I appreciate that this is your special interest, but you haven't contributed anything here that wasn't debunked in the last thread you posted. If some new information comes to light then I'm sure those of us who understand biology will happily talk through its merits with you, but frankly this two hour video is worth no more than your "funny feelings".
Did you listen to the presentation? Feel free to point out any errors & your sources of correct info. What's implausible? What hypotheses have been discredited? Sources?
It's an interest - an interest in sharing what I've learned and done so that others may benefit from it. Nothing was ever debunked in any thread I've posted. I'm still waiting for your "debunking." There's a massive difference between not believing something and actually debunking something via proof that it is false or fabricated. Again, see my signature.
![Smile :)](./images/smilies/icon_smile.gif)
She made the classic error of thinking that correlation proves causation. Her graph shows a correlated increase of glyphosphate use and autism diagnosis but this is not evidence that the former caused the latter.

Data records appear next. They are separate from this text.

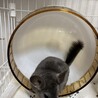 可愛いチンチラ サムネイル2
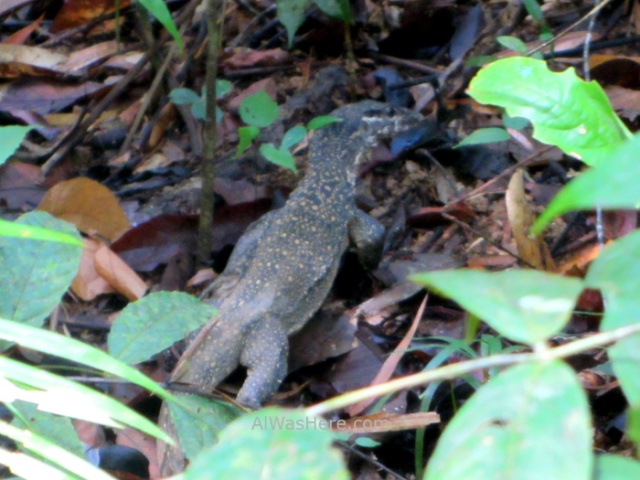 SABANG RIO SUBTERRANEO PUERTO PRINCESA 1. Jungle Trail. Underground River New 7 Wonders of Nature Maravillas Naturaleza, Palawan, Filipinas Philippines lagarto Lizard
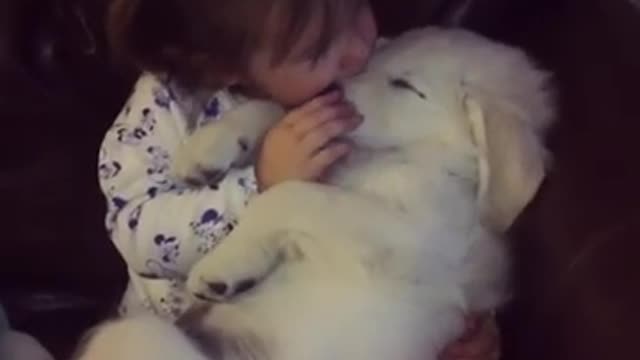 This is Why every Child should grow up with a dog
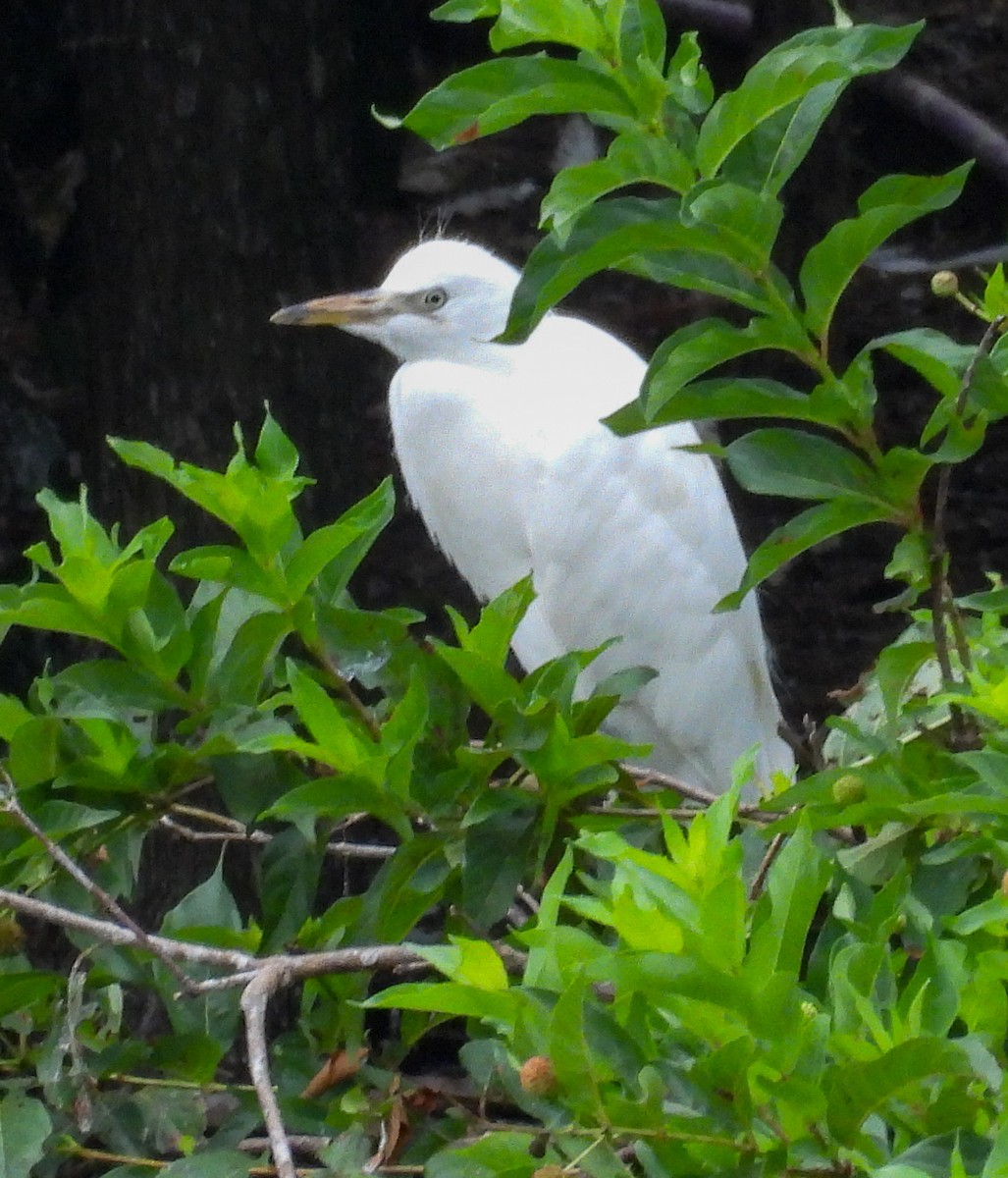 ニシアマサギ - ML638641373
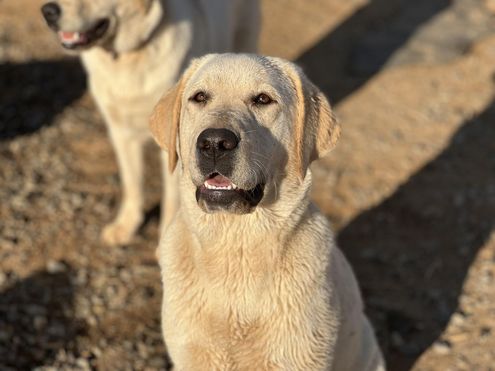 A wet labrador retriever sits looking up at the camera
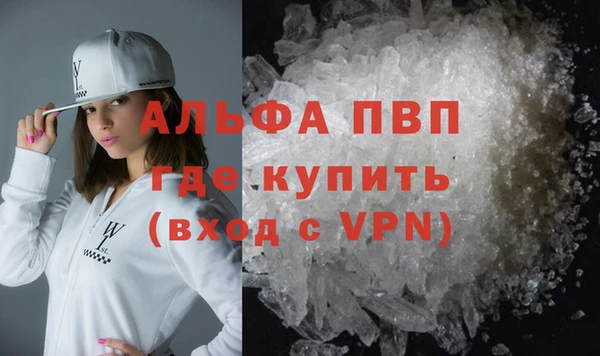 спиды Гусев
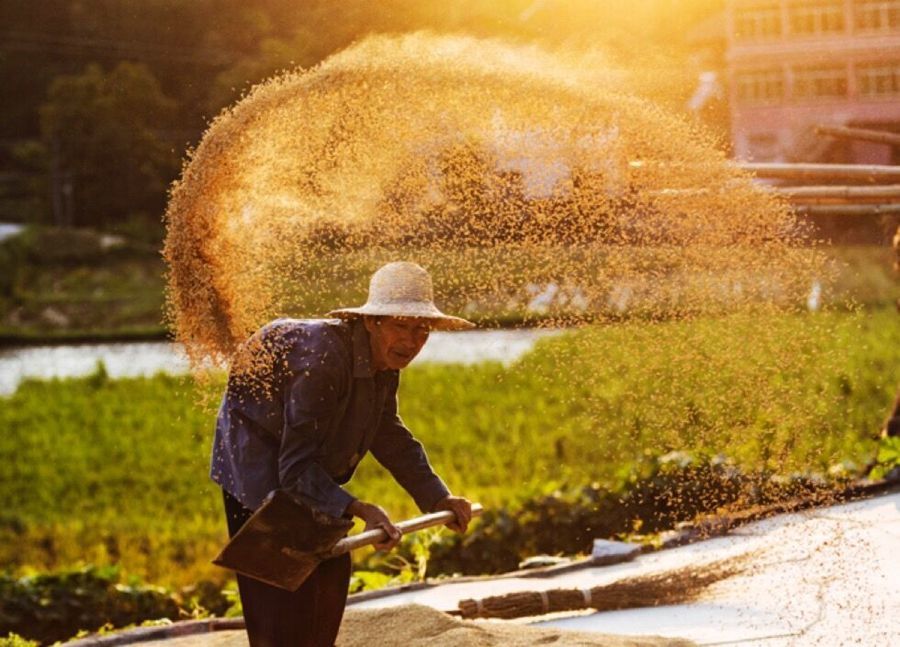 分田到户能让粮食产量大量增加吗?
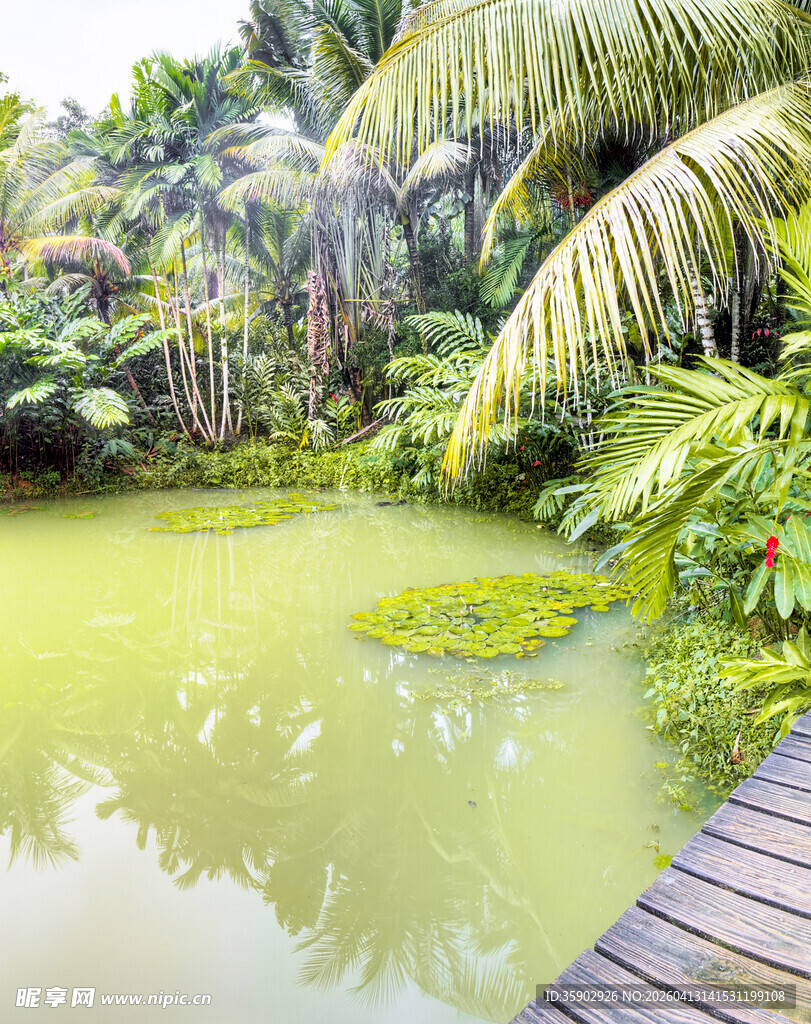 热带风光中的静谧池塘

Correlation gives good jumping-off points where research can be done, but is not in itself evidence.
She also over-extrapolated her data, assuming that the current increase in autism diagnoses will continue at precisely the same rate. There is no justification for that assumption.

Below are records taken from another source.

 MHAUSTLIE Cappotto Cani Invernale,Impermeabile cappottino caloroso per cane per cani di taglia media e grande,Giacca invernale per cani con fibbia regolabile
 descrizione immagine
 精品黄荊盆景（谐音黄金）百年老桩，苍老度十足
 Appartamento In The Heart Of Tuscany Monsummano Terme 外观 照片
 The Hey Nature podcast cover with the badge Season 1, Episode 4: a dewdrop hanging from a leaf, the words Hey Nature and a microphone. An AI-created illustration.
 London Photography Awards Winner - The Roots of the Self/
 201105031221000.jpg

She also proposed a mechanism for how glyphosphate could cause autism but there is not evidence that this mechanism actually happens the way she thinks it does.
It would make her case a little (little!!) stronger if she could correlate glyphosphate use and autism diagnosis with more than just one variable (time). For instance if she could also look at the variable of demographics and see if autism clusters in populations where glyphosphate exposure is highest (the farm workers who actually use it?). But even that would just be a piece of additional data, not actual proof. She dabbles in doing just that by showing that Americans have higher glyphosphate exposure (and presumably higher autism diagnostic rate?) than Europeans. But then she doesn't address the confounding variable of different health care systems and how that affects diagnostic rate. Of course this would also be a confounder in looking at farm workers (highest glyphosphate exposure?) since they are likely getting different health care than Silicon Valley tech workers (another demographic with documented high autism diagnostic rate).
Teasing apart confounding variables is difficult but it must be done. She doesn't even try. She plows on ahead as if confounding variables don't exist.